Isso nos conduz a uma reflexão inevitável. Se os antigos já reconheciam essa continuidade e buscavam explicá-la, talvez o problema não esteja no texto, mas na forma como ele tem sido lido ao longo do tempo. Ignorar essa questão não a resolve — apenas a empurra para fora do debate.
E, no fim, a pergunta continua de pé: não como um gigante poderia ter sobrevivido ao Dilúvio, mas por que a presença dos gigantes continua ecoando depois dele.
O que essa tradição revela sobre o amor e a misericórdia de Deus

MESMO EM UMA TRADIÇÃO NÃO CANÔNICA, HÁ UM ELEMENTO QUE CHAMA ATENÇÃO: A IDEIA DE MISERICÓRDIA EM MEIO AO JUÍZO. A narrativa de um gigante agarrado à arca — ainda que não inspirada — revela uma percepção antiga de que o juízo divino não é arbitrário, mas acompanhado por paciência, tolerância e oportunidade. A arca, na Escritura, é símbolo de salvação oferecida por Deus em meio à destruição do mundo corrompido. Tudo o que foi preservado, foi preservado por meio dela.

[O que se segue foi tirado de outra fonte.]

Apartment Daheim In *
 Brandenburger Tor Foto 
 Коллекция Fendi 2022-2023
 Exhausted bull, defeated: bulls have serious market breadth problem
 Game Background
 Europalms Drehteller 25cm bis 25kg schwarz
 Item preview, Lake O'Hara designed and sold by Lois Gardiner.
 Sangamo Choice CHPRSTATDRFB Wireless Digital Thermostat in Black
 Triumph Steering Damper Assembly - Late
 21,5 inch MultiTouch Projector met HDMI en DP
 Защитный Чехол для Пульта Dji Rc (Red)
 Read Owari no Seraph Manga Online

Mesmo que o relato de Ogue não seja literal, ele ecoa um princípio profundamente bíblico: Deus não tem prazer na destruição, mas oferece escape até o último momento possível. A longa espera antes do Dilúvio, a pregação de Noé e a própria construção da arca são evidências de que o juízo sempre vem acompanhado de advertência e de oportunidade de arrependimento.
Essa percepção encontra sua expressão máxima não em Noé, mas em Cristo. Jesus é a verdadeira Arca. Assim como a arca sustentou a vida sobre as águas do juízo, Cristo é quem sustenta a vida eterna sobre o juízo final. A imagem de Jesus sobre as águas, com as profundezas abaixo marcadas por destruição e caos, comunica exatamente isso: Ele está acima do juízo, domina o abismo e oferece salvação àqueles que se achegam a Ele.
Se até mesmo uma tradição rabínica ousou imaginar um ser fora da arca sendo sustentado de alguma forma, isso revela o quanto a mente humana antiga já intuía que a misericórdia de Deus vai além do esperado. Contudo, a revelação bíblica corrige e amplia essa intuição: a salvação não está em se agarrar por fora — está em entrar pela porta que Deus estabeleceu.
Portanto, a lição final não está no gigante que supostamente sobreviveu, mas no Deus que sempre provê um caminho. O juízo é real, as águas sobem, mas a graça também é real — e ela permanece acessível enquanto a porta ainda está aberta.